(Source records)
--- START ---

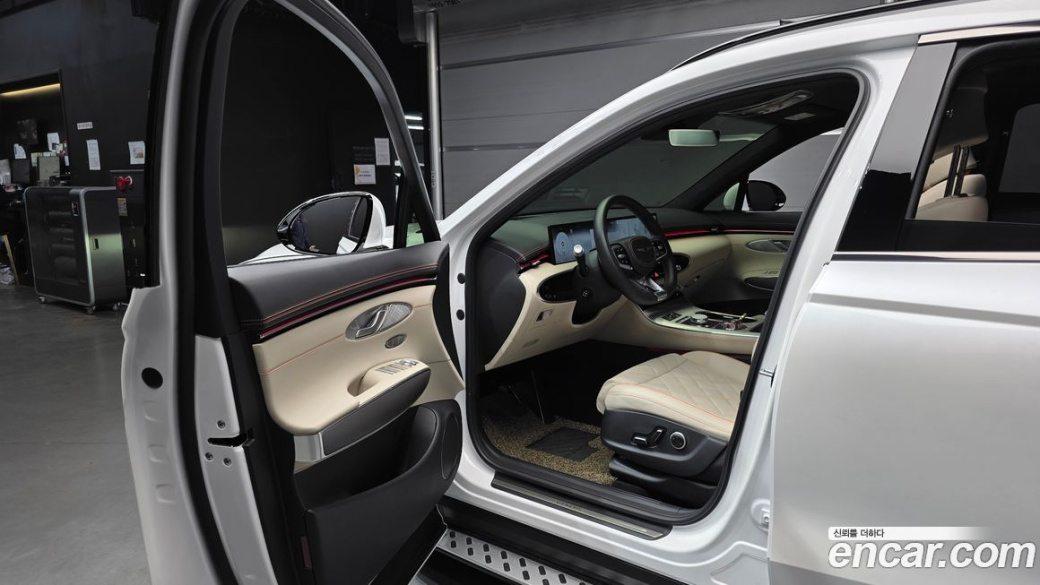 Genesis GV70 2.5T Gasoline 2WD, 2025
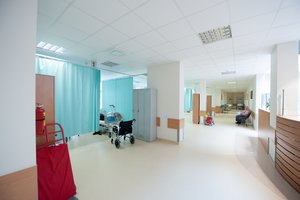 Užsikrėtusi lietuvė padarė viską, kad virusas neplistų, bet Šiauliuose prasidėjo keistenybės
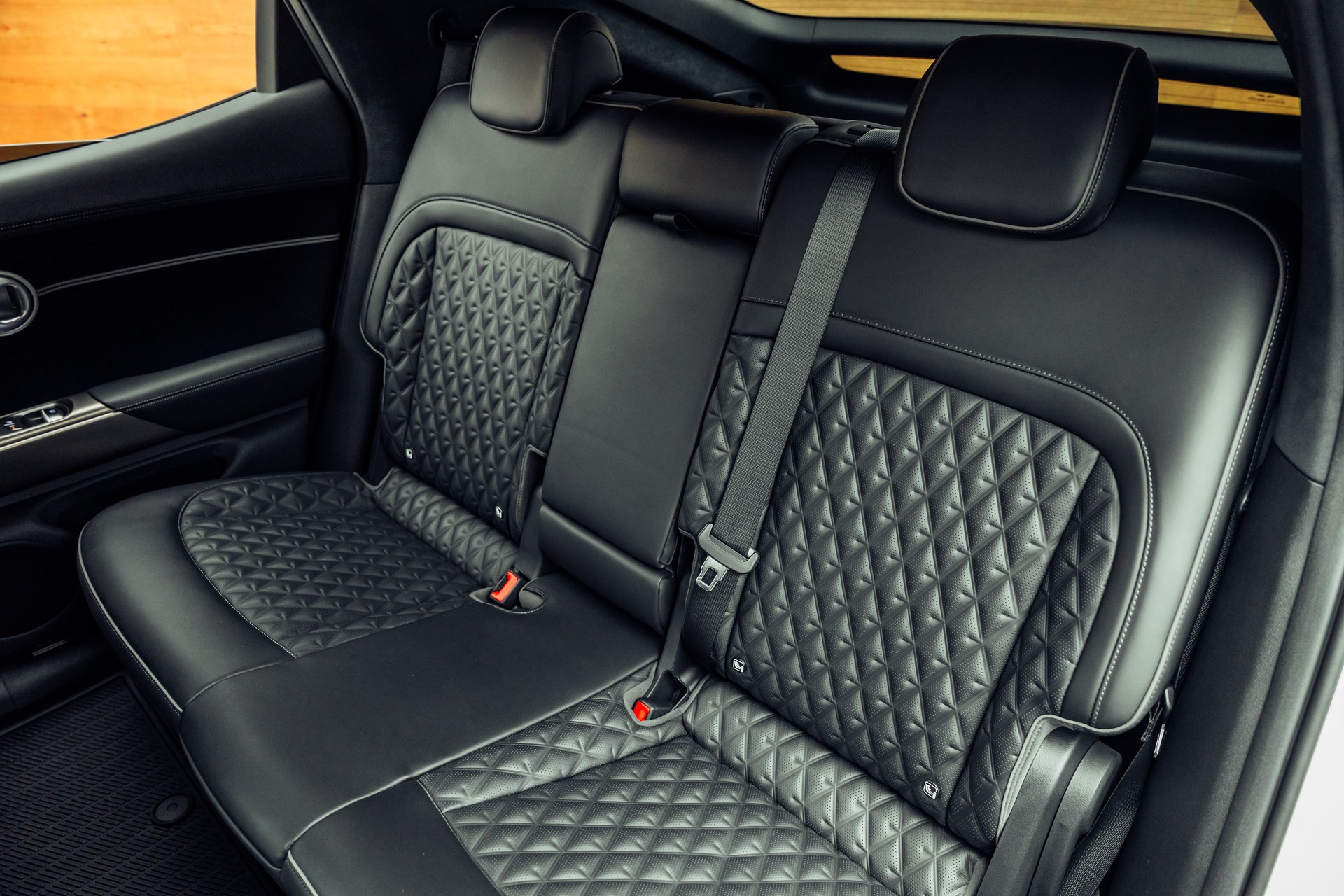 GENESIS GV60 77.4 kWh Sport AWD-image-6
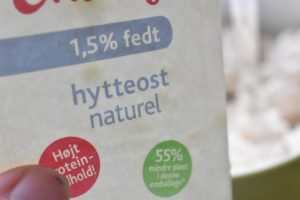 Hytteostboller - nemme proteinboller med hytteost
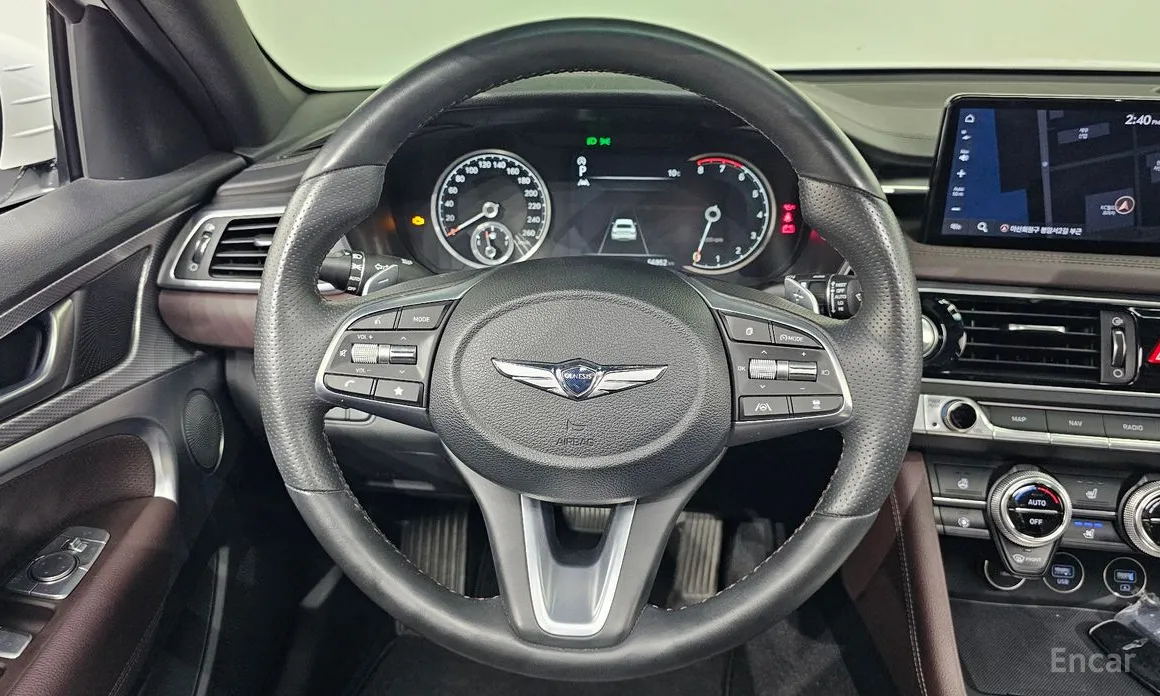 Фото 13 - Genesis G70
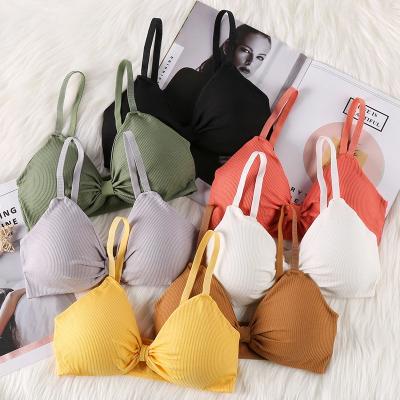 China Antibacterial Summer Thin Adjustable Women's Wrapped Chest Condole Belt Underwear Bra With Eight Rows Of Buttons Strapless Vest for sale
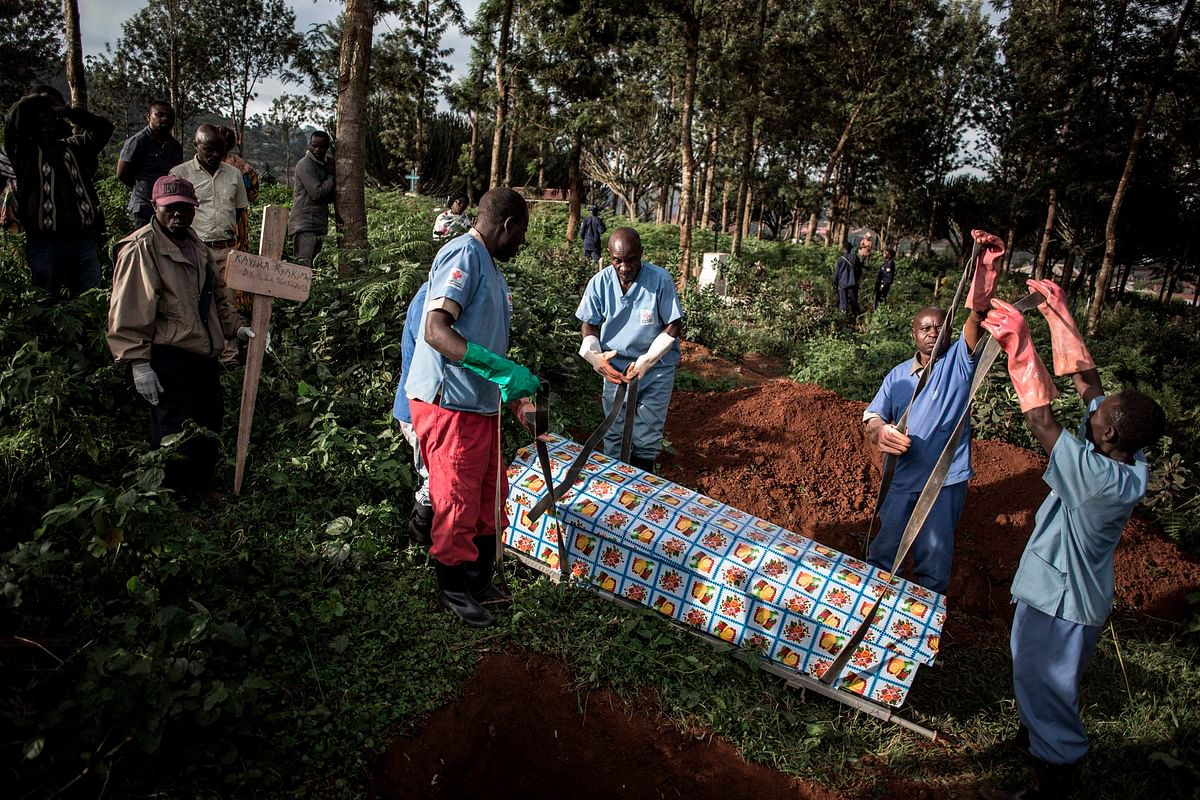 Health workers prepare to bury a coffin containing a victim of the ebola virus on 16 May, 2019 in Butembo in the Democratic Republic of Congo. The city of Butembo is at the epicentre of the Ebola crisis, the death toll of the outbreak to date is now over 1000 deaths. Photo: AFP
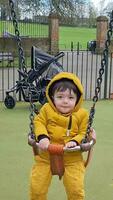 schattig Aziatisch Pakistaans baby ahmed mustafin haider is genieten van de mooi zonnig dag Bij afweren openbaar park van luton stad- van Engeland uk. beeld was gevangen genomen Aan 03-april-2023 video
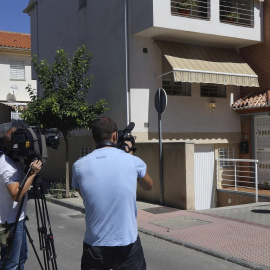 Varios cámaras toman imágenes de la vivienda en el número 1 de la calle Alberto Sola del municipio de Armilla en Granada, donde esta mañana un hombre de 72 años ha matado, supuestamente, a su esposa de 68 cuyo cadáver ha sido encontrado con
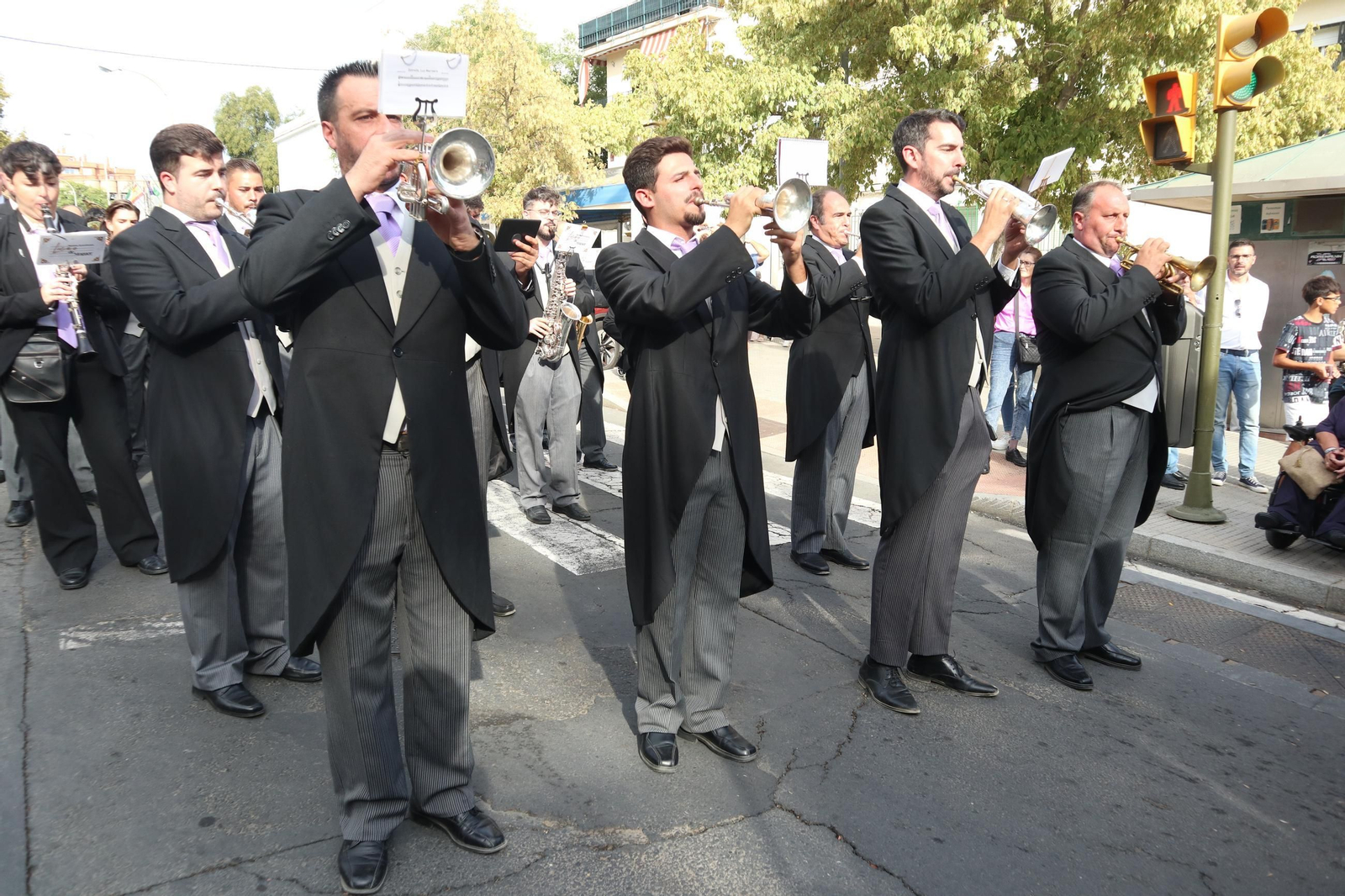 Extraordinaria de la Virgen del Valle de Huelva en imágenes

--- END ---

— WHAT IS BEING ASKED —
Take the data above and repeat it exactly, leaving each picture out.

— RESULT BELOW —
 Genesis GV70 2.5T Gasoline 2WD, 2025
 Užsikrėtusi lietuvė padarė viską, kad virusas neplistų, bet Šiauliuose prasidėjo keistenybės
 GENESIS GV60 77.4 kWh Sport AWD-image-6
 Hytteostboller - nemme proteinboller med hytteost
 Фото 13 - Genesis G70
 China Antibacterial Summer Thin Adjustable Women's Wrapped Chest Condole Belt Underwear Bra With Eight Rows Of Buttons Strapless Vest for sale
 Health workers prepare to bury a coffin containing a victim of the ebola virus on 16 May, 2019 in Butembo in the Democratic Republic of Congo. The city of Butembo is at the epicentre of the Ebola crisis, the death toll of the outbreak to date is now over 1000 deaths. Photo: AFP
 schattig Aziatisch Pakistaans baby ahmed mustafin haider is genieten van de mooi zonnig dag Bij afweren openbaar park van luton stad- van Engeland uk. beeld was gevangen genomen Aan 03-april-2023 video
 Varios cámaras toman imágenes de la vivienda en el número 1 de la calle Alberto Sola del municipio de Armilla en Granada, donde esta mañana un hombre de 72 años ha matado, supuestamente, a su esposa de 68 cuyo cadáver ha sido encontrado con
 Extraordinaria de la Virgen del Valle de Huelva en imágenes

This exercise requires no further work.